Les résultats de nombreuses études chez des sujets sains infectés par le SARS-CoV-2 ont montré que la réponse immunitaire humorale contre ce virus cible majoritairement la protéine virale spike, en particulier son domaine RBD (receptor-binding domain). C’est par ce domaine que le virus se lie au récepteur hACE2 (human angiotensin converting enzyme 2) de la cellule hôte et il constitue la cible principale des anticorps neutralisants de la réponse immunitaire [4, 5]. Le domaine RBD de la protéine spike du SARS-CoV-2 étant fortement muté par rapport à celui de la protéine spike d’autres coronavirus infectant l’espèce humaine, il est reconnu comme un néo-épitope par le système immunitaire.
Alors qu’une sécrétion d’anticorps est détectée dans le sérum dès les premiers jours de la réponse immunitaire à l’infection, la mise en place d’une réponse mémoire efficace dure plusieurs mois et nécessite la formation de structures spécialisées, appelées centres germinatifs, dans les ganglions lymphatiques.
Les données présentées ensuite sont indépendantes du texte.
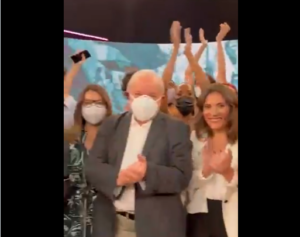 Lula é aplaudido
Dans ces structures, les lymphocytes B accroissent progressivement leur affinité pour l’antigène dont ils sont spécifiques grâce à l’acquisition de mutations dans les gènes codant les anticorps qu’ils synthétisent. Cette réaction produit également des lymphocytes B mémoires et des plasmocytes possédant un programme transcriptionnel et épigénétique leur permettant de survivre plusieurs décennies, et pouvant conférer à l’individu une protection durant toute sa vie après certaines infections ou vaccinations [6]. Les résultats de plusieurs travaux de recherche avaient montré que l’infection par le SARS-CoV-2 ou la vaccination par ARNm contre ce virus provoquait une réponse efficace du centre germinatif, qui pouvait persister jusqu’à six mois et même un an dans certains cas [4, 7].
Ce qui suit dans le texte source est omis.